Work instruction:
Retype the whole listing below exactly, keeping every picture out of it.

Entries shown:
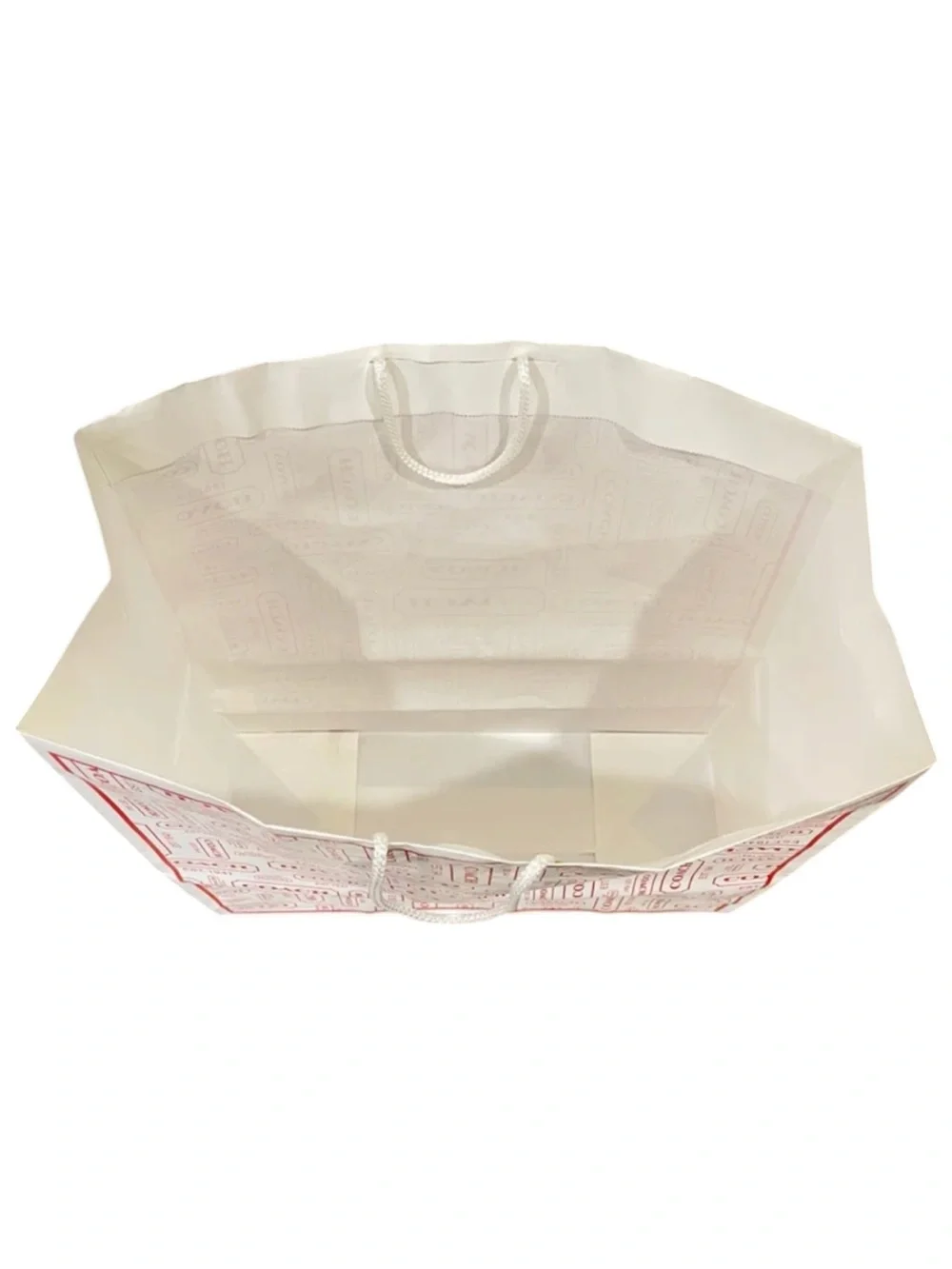 COACH White and Red Logo Print Shopping Bag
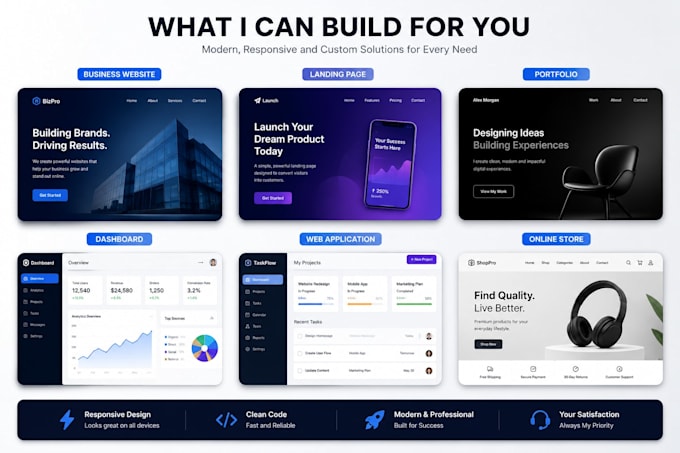 build a modern responsive website or web application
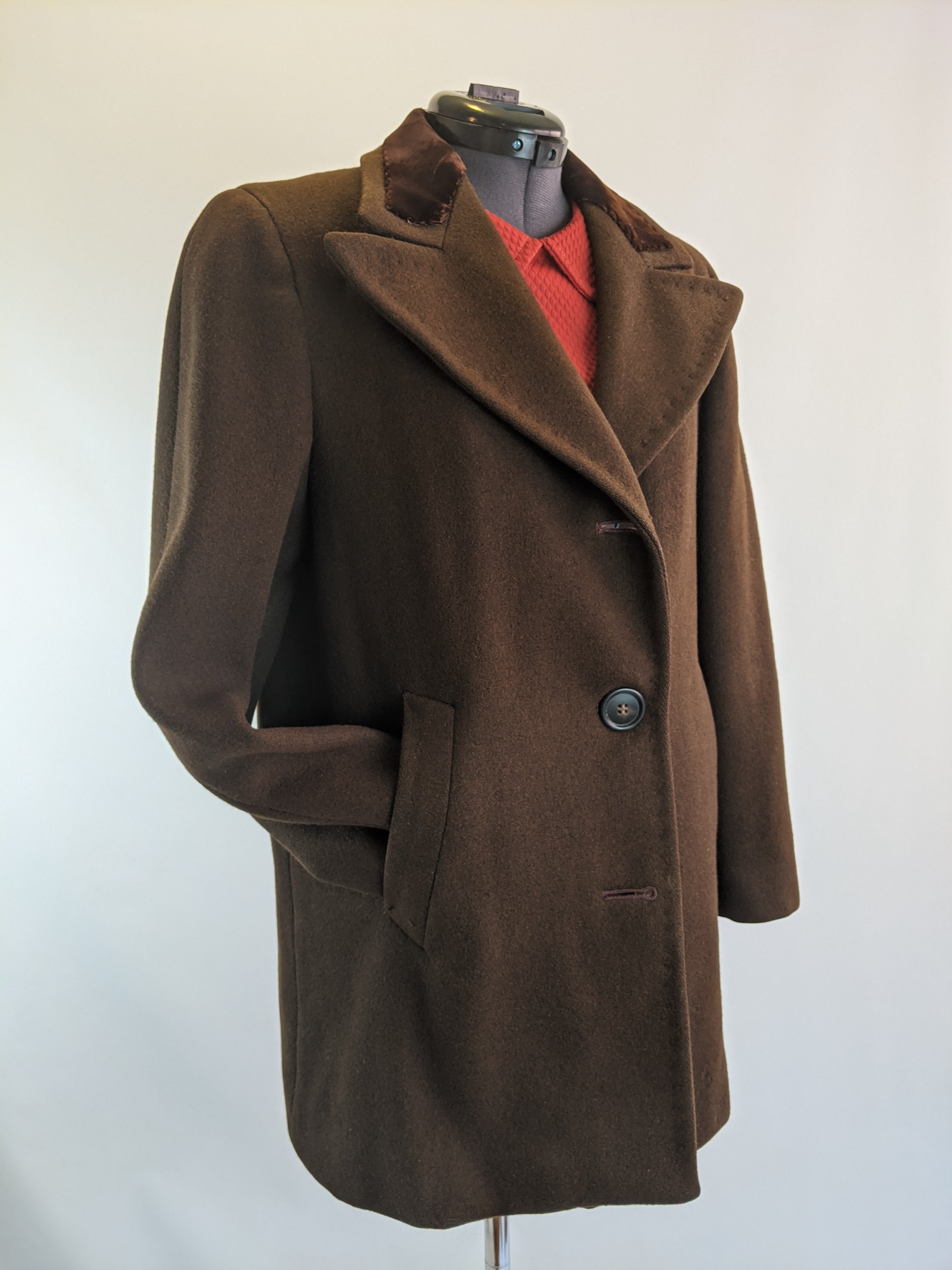 1940s Chocolate Brown Wool Coat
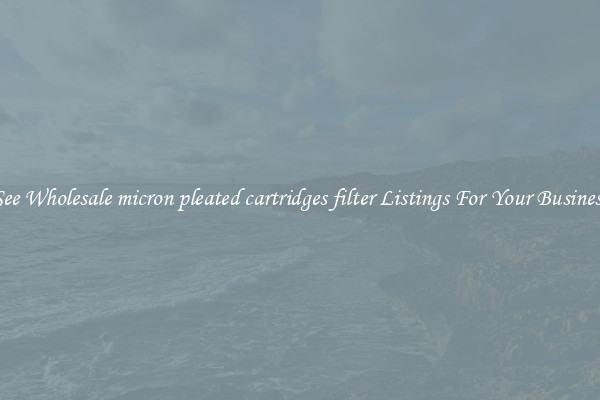 See Wholesale micron pleated cartridges filter Listings For Your Business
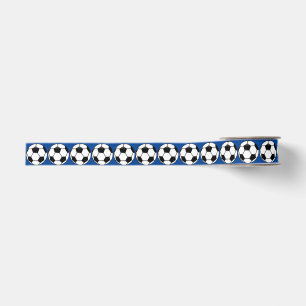 Fußbälle auf blauem Grossgrain Band Ripsband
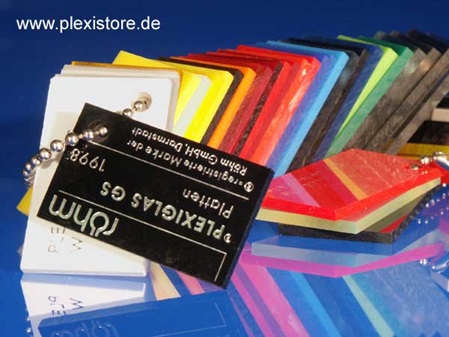 Acrylglas Plexiglas® Musterkette Farben Farbtöne gelasert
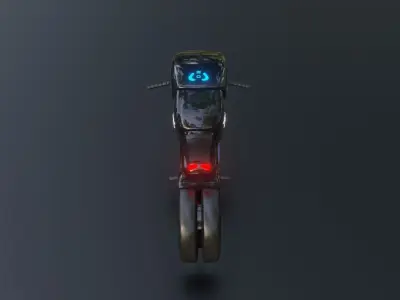 Dark Electric Motorcycle  Low-poly 3D model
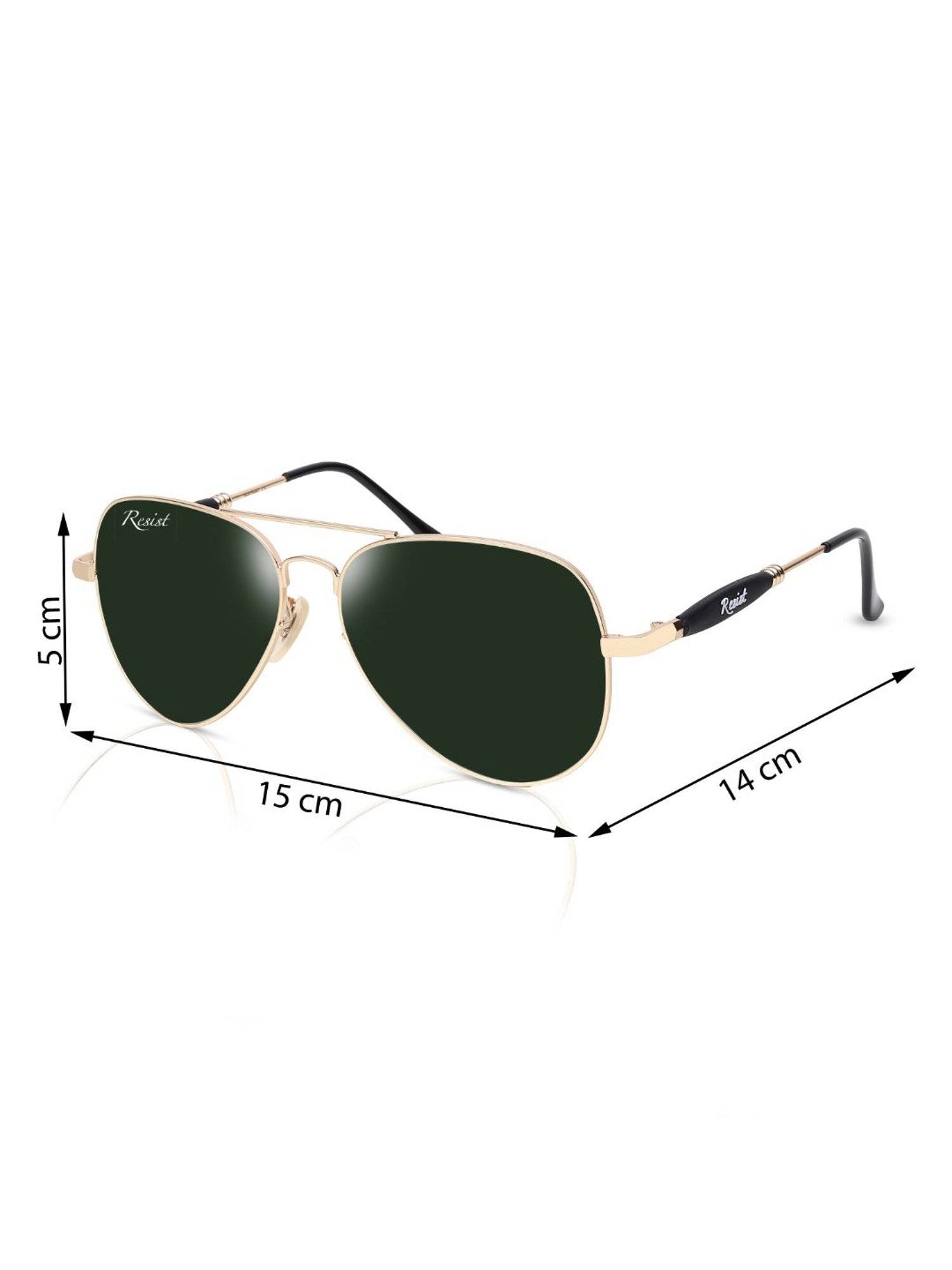 Resist Eyewear Green Aviator Unisex Sunglasses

Worked solution:
 COACH White and Red Logo Print Shopping Bag
 build a modern responsive website or web application
 1940s Chocolate Brown Wool Coat
 See Wholesale micron pleated cartridges filter Listings For Your Business
 Fußbälle auf blauem Grossgrain Band Ripsband
 Acrylglas Plexiglas® Musterkette Farben Farbtöne gelasert
 Dark Electric Motorcycle  Low-poly 3D model
 Resist Eyewear Green Aviator Unisex Sunglasses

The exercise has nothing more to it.